In his lawsuit, which was filed in a New York federal court against a large subprime auto lender and its CEO, Mr. Lawsky alleged that the lender had systematically concealed from its customers the fact that they had refundable positive credit balances and failed to make refunds except when expressly requested by a customer.  In addition, the complaint alleged that the lender submitted false unclaimed property reports to the New York State Comptroller’s Office denying that certain customers had positive credit balances. It also alleged that the lender lacked basic information security measures, thereby endangering the security of its customers’ personally identifiable information. The complaint also included the allegation that the lender had violated TILA by calculating interest based on a 360-day year and applying the resulting daily interest rate to its customers’ loan accounts each of the 365 days during the year. According to the complaint, this practice resulted in customers paying interest in excess of the disclosed APR.

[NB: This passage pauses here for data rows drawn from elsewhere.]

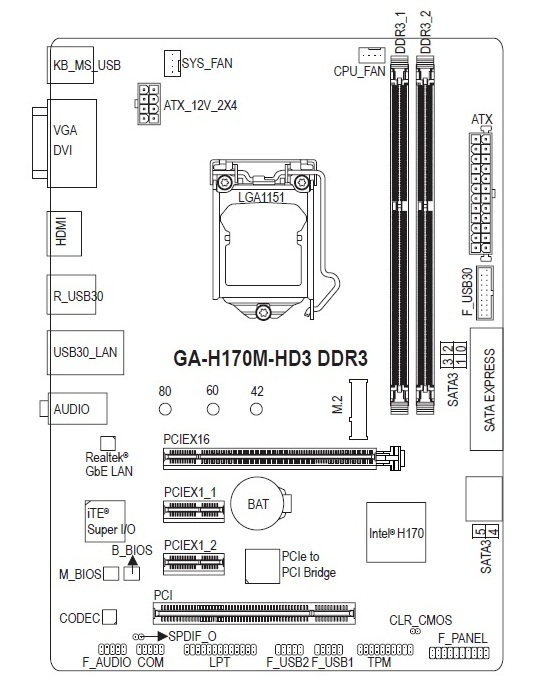 GIGABYTE GA-H170M-HD3 DDR3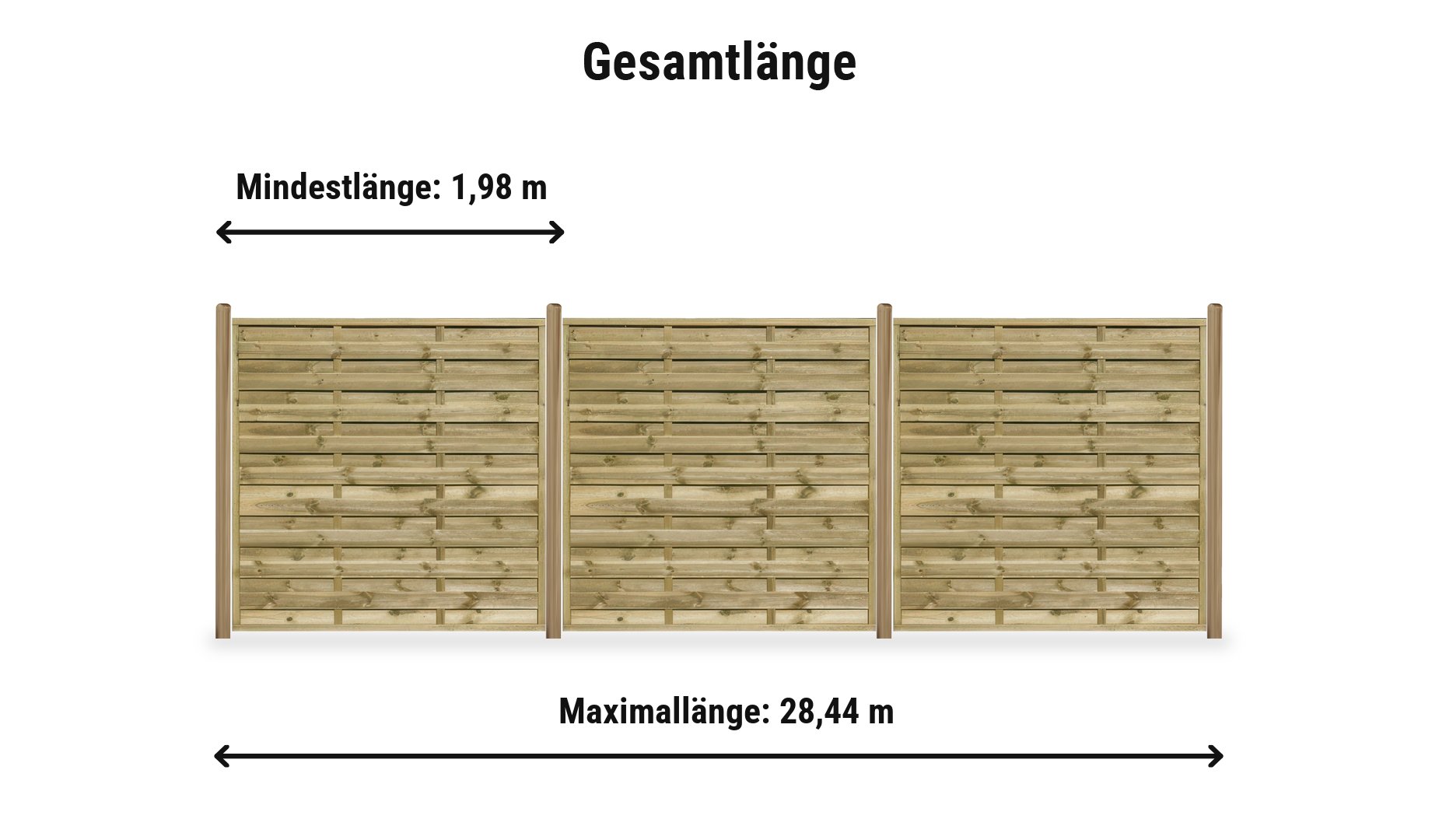 Lamellenzaun günstig + gut Komplettset: Zaunlänge von 1,98 m bis 28,44 m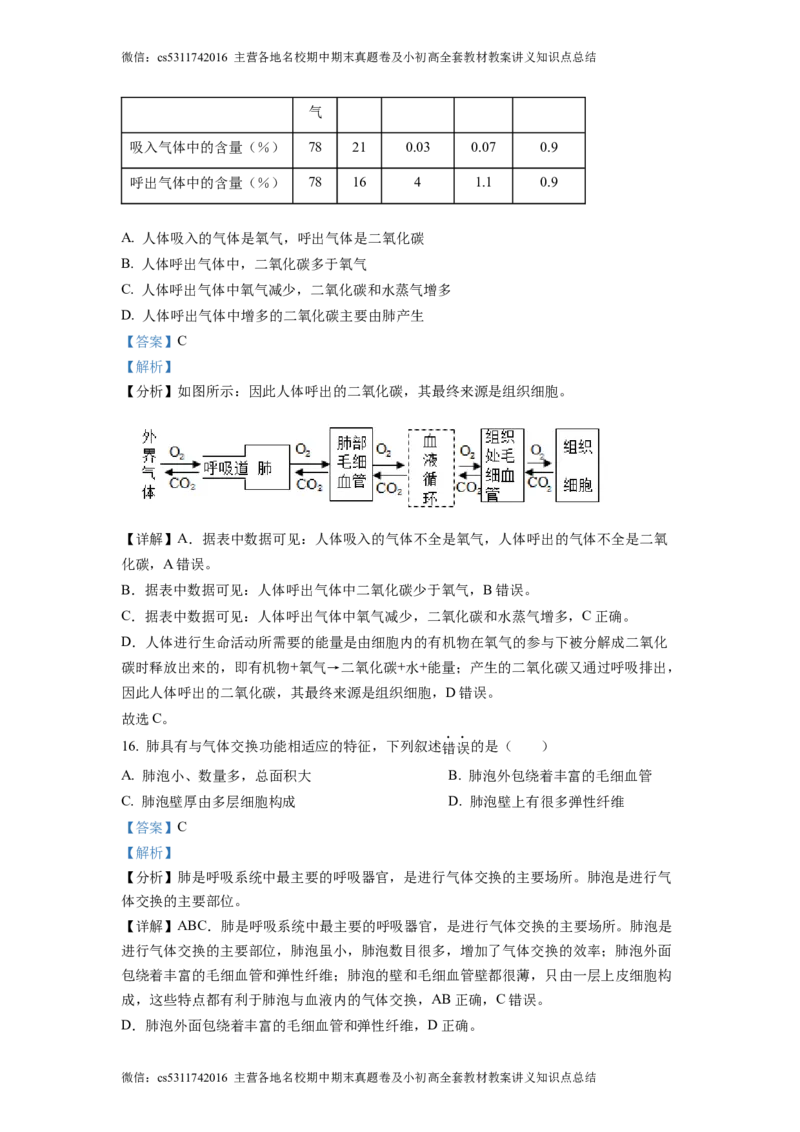 精品解析：北京市大兴区2022-2023学年七年级下学期期中生物试题（解析版）(1)_北京初中期末题_C605-京七八九_B京生物七八九_北京7下生物_2022-2024_北京生物7下期中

In the consent judgment submitted to the court for approval, the defendants admit to violations of Dodd-Frank, TILA and New York law.  The consent judgment requires the defendants to pay a $3 million civil penalty, refund all positive credit balances and interest charged in excess of the disclosed APR, plus nine percent interest on such amounts.  Following the sale of the lender’s remaining loan portfolio by the receiver appointed by the district court, the consent judgment requires the lender to surrender its licenses in all states.  If a customer is found by the DFS to have suffered identity theft within two years of the consent judgment that is traceable to the lender’s conduct, the consent judgment requires the individual defendant to pay such customer any damages resulting from the identity theft and provide free credit reporting to such customer for two years.